The phenomenon called “cold fusion” or “low-energy nuclear reaction” (Storms 2007) has now reached a stage when explanations are attracting attention. The major experimental work was summarized by Storms in 2010 (Storms 2010). Now, Krivit has cited “errors” in this review which he believes might guide an explanation in the wrong direction. He notes that heat, detected using light hydrogen and when transmutation occurred, was frequently overlooked in this review. In addition, in his opinion, the claim for d + d = 4He being the major source of heat is not supported by the cited evidence.

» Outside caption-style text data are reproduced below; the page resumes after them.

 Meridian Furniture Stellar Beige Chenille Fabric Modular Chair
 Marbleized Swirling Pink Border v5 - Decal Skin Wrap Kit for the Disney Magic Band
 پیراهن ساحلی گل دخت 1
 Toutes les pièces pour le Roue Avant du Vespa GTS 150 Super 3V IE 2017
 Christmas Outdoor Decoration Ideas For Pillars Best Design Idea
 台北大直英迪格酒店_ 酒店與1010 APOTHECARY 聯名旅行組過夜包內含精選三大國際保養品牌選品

Because the conclusion reached by Krivit (2013) is a direct challenge to what Storms (2010) reviewed in the cited paper, a summary of the evidence is required. Although many studies resulting in heat production using deuterium did not attempt to measure helium, over 16 independent studies using numerous samples found that helium was present when energy production was detected and some measurements found no helium when no extra energy was detected. Three independent studies measured the energy/He ratio, which can be summarized as 25 ± 5 MeV/He. All other known reactions that produce helium result in less energy/helium atom. For example, the proposed reaction of 6 3Li + 2n = 2He + e produces only 13.4 MeV/He. Readers must decide for themselves if this is enough evidence to go forward in search for an explanation based on helium as the major nuclear product before additional studies are made.

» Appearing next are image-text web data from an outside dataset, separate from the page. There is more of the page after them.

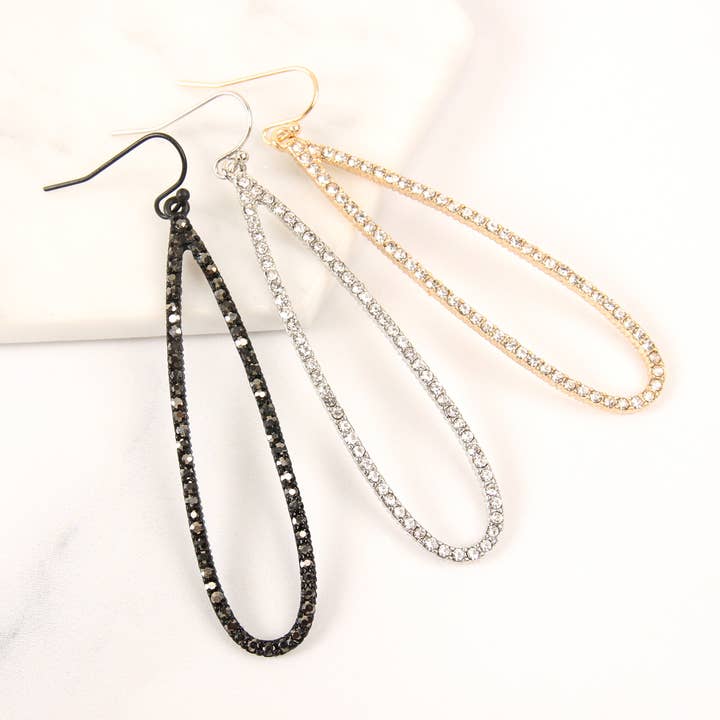 MYS Wholesale Inc - Vente Boucles d'oreilles pendantes - Boucles d'oreilles longues en forme de larme et strass7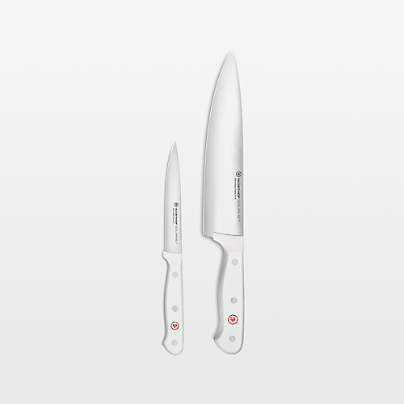 Wusthof ® Gourmet White Chef's Knife and Utility Knife Set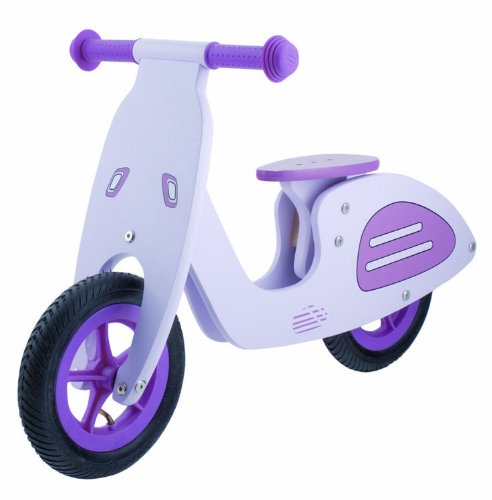 Unbekannt Holz-Kinderlaufrad Vespa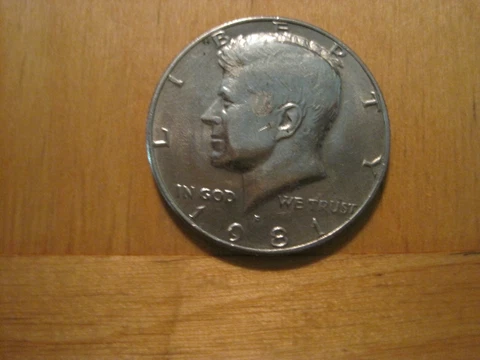 1981 D Kennedy half dollar Cover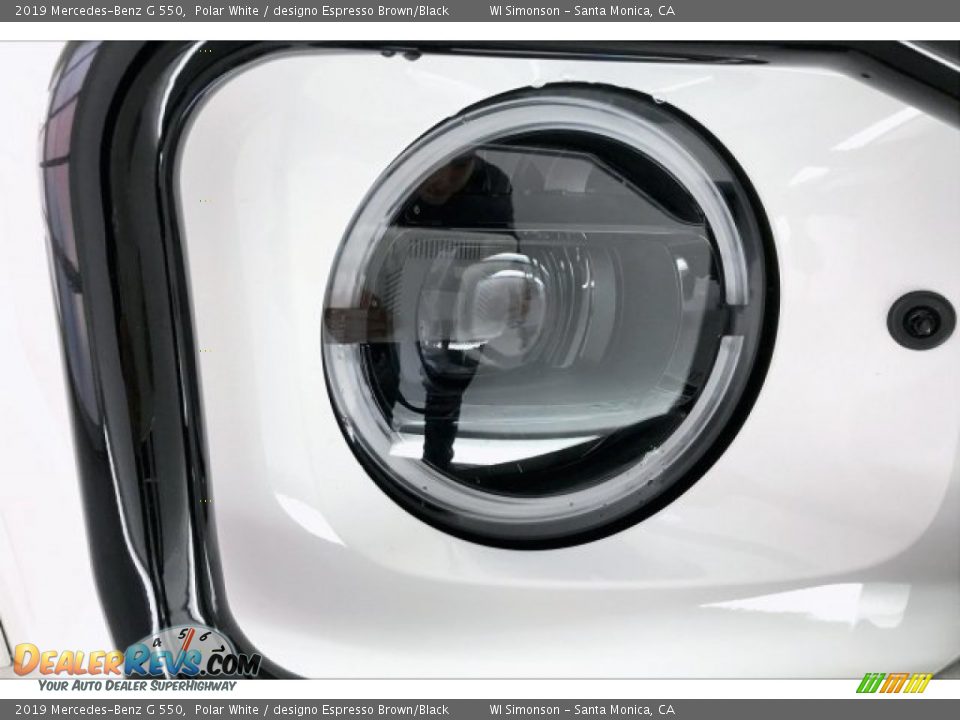 2019 Mercedes-Benz G 550 Polar White / designo Espresso Brown/Black Photo #31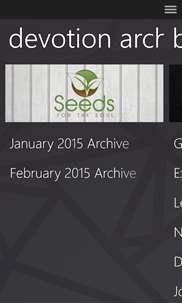 Seeds for the Soul Devotion screenshot 1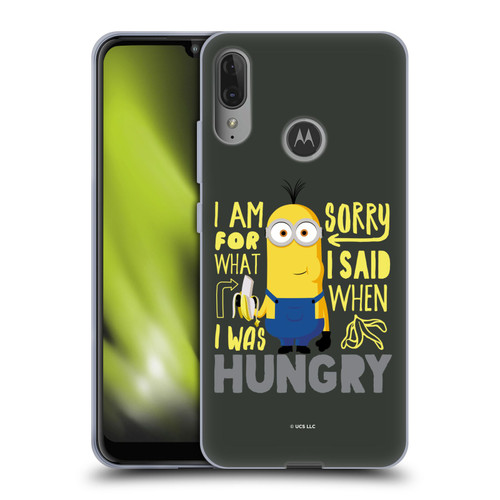 Minions Rise of Gru(2021) Humor Hungry Soft Gel Case for Motorola Moto E6 Plus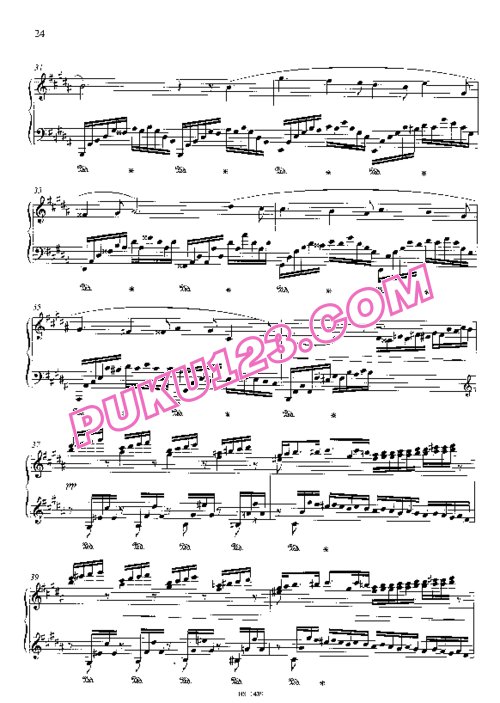天天钢琴网-免费下载Sgambati - Nocturne No.1 in B Major Op.3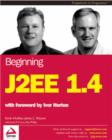 Image for Beginning J2EE 1.4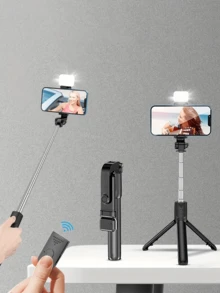 67英寸/170厘米可伸缩铝合金自拍杆,带补光灯和蓝牙遥控器,兼容/安卓智能手机 - 适合旅行、Vlog、直播、户外摄影,便携式伸缩自拍杆支架,是Vlogger和旅行者的理想之选 - 随时随地拍摄网红级美照!畅销产品! - 彩色 - 查看 14
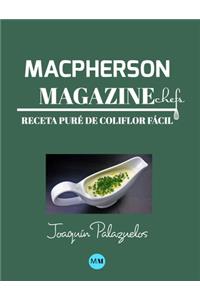 Macpherson Magazine Chef's - Receta Puré de coliflor fácil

All isotopes of hydrogen, presumably, are involved in the cold fusion process. Most information comes from the use of deuterium because this isotope is most studied. In addition, many different nuclear reactions, including tritium formation (Storms 2007) and transmutation (Srinivasan et al. 2011) are observed. Although important, these are “side issues” to heat production because they have not been found to occur at a rate sufficient to make detectable power. Recent use of H2 + Ni to generate large power begs the question of how protons might generate energy by fusion or how transmutation of nickel might be the source. Proposed explanations have been published (Storms 2013) but are too complex to discuss here. Although changes in isotopic ratio are occasionally reported and elements not previously detected are found after power is made, none of these observations have a quantitative relationship to power production.

In conclusion, numerous efforts to find an explanation are underway and are being tested. The phenomenon has novel features, it is not in conflict with any law of nature, and it is not caused by the well-known mechanism that produces hot fusion. An explanation must at least be consistent with laws known to apply to a chemical system and it must explain all observed behavior. Most explanations fail these two requirements and many others. A new window into understanding nuclear interaction has opened and must be explored using the best information available, which the review under discussion attempted to provide.